Electron transport and magnetic properties of three series of manganates of the formula (La_1−xLn_x)_0.7Ca_0.3MnO₃ with Ln = Nd, Gd and Y, wherein only the average A-site cation radius ⟨r_A ⟩ and associated disorder vary, without affecting the Mn⁴⁺/Mn³⁺ ratio, have been investigated in an effort to understand the nature of phase separation. All three series of manganates show saturation magnetization characteristic of ferromagnetism, with the ferromagnetic T_c decreasing with increasing x up to a critical value of x, x_c (x_c = 0.6, 0.3, 0.2 respectively for Nd, Gd, Y). For x > x_c, the magnetic moments are considerably smaller, showing a small increase around T_M, the value of T_M decreasing slightly with increase in x or decrease in ⟨r_A ⟩. The ferromagnetic compositions (x ≤ x_c) show insulator–metal transitions, while the compositions with x > x_c are insulating.

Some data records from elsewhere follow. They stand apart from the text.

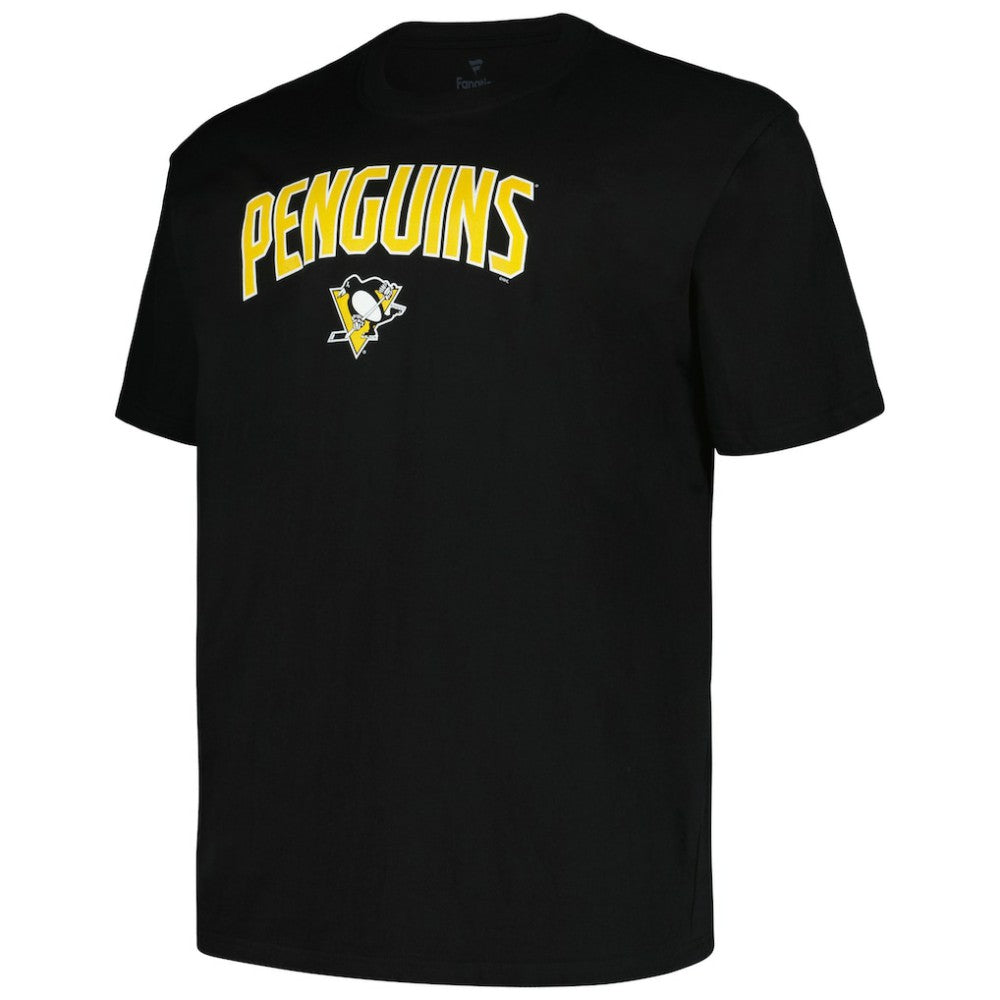 Pittsburgh Penguins Profile Big & Tall Arch Over Logo T-Shirt Outlet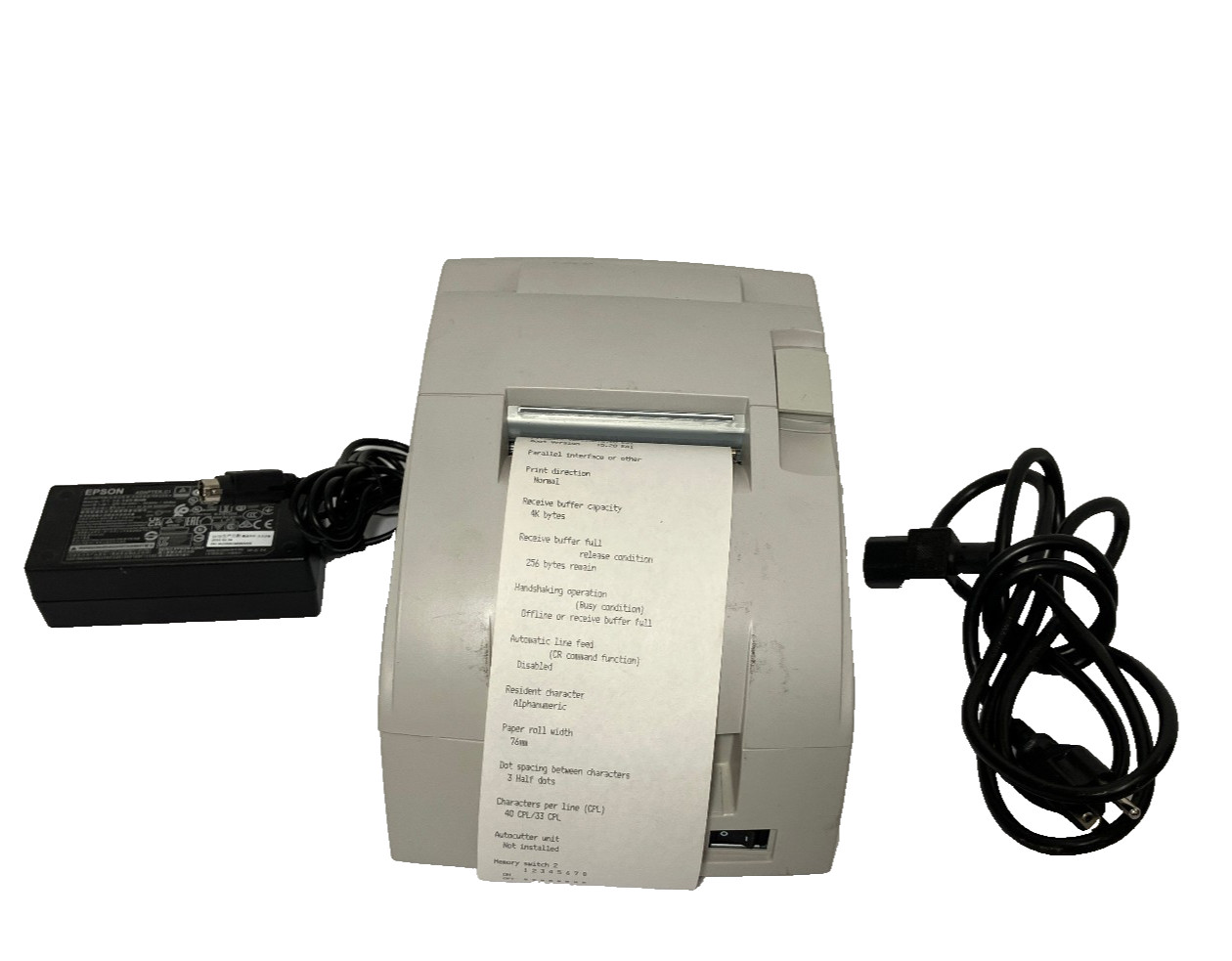 Epson TM-U220PD M188D Dot Matrix POS Receipt Printer P02 II Parallel White/Beige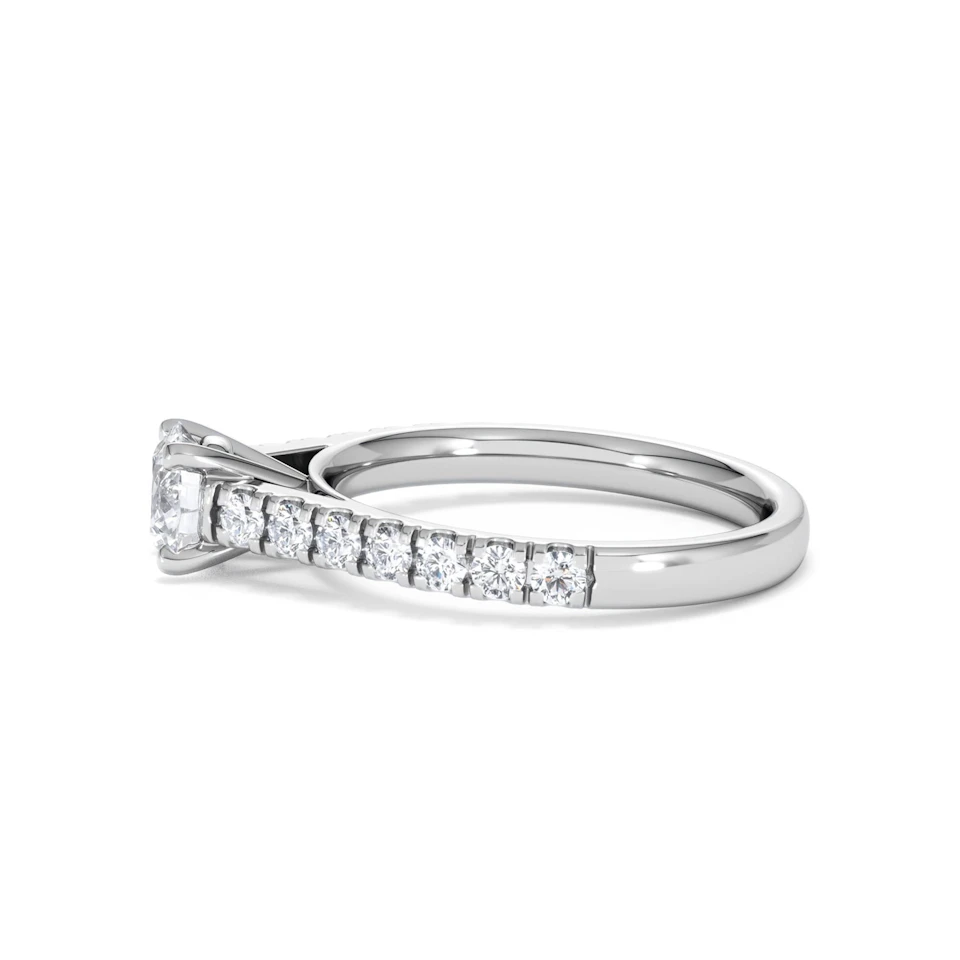 Natalia GIA Diamond Engagement Side Stone Ring Platinum 1.15CT G/VS2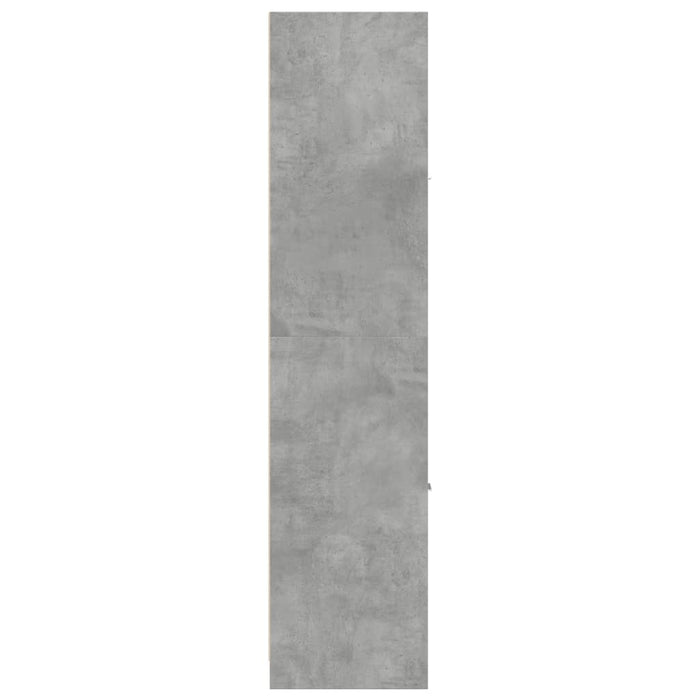 Dulap de farmacie, gri beton, 30x41x174,5 cm, lemn prelucrat - WALTI WALTI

The magnetic and electrical resistivity behaviour of these manganates is consistent with the occurrence of phase separation in the compositions around x_c, corresponding to a critical average radius of the A-site cation, ⟨r_A^c ⟩, of 1.18 Å. Both T_c and T_IM increase linearly when ⟨r_A ⟩ > ⟨r_A^c ⟩ or x ≤ x_c, as expected of a homogeneous ferromagnetic phase. Both T_c and T_M decrease linearly with the A-site cation size disorder as measured by the variance σ². Thus, an increase in σ² favours the insulating AFM state. Percolative conduction is observed in the compositions with ⟨r_A ⟩ > ⟨r_A^c ⟩. Electron transport properties in the insulating regime for x > x_c conform to the variable-range hopping mechanism. More interestingly, when x > x_c, the real part of dielectric constant (ε') reaches a high value (10⁴ –10⁶) at ordinary temperatures dropping to a very small (∼ 500) value below a certain temperature, the value of which decreases with decreasing frequency.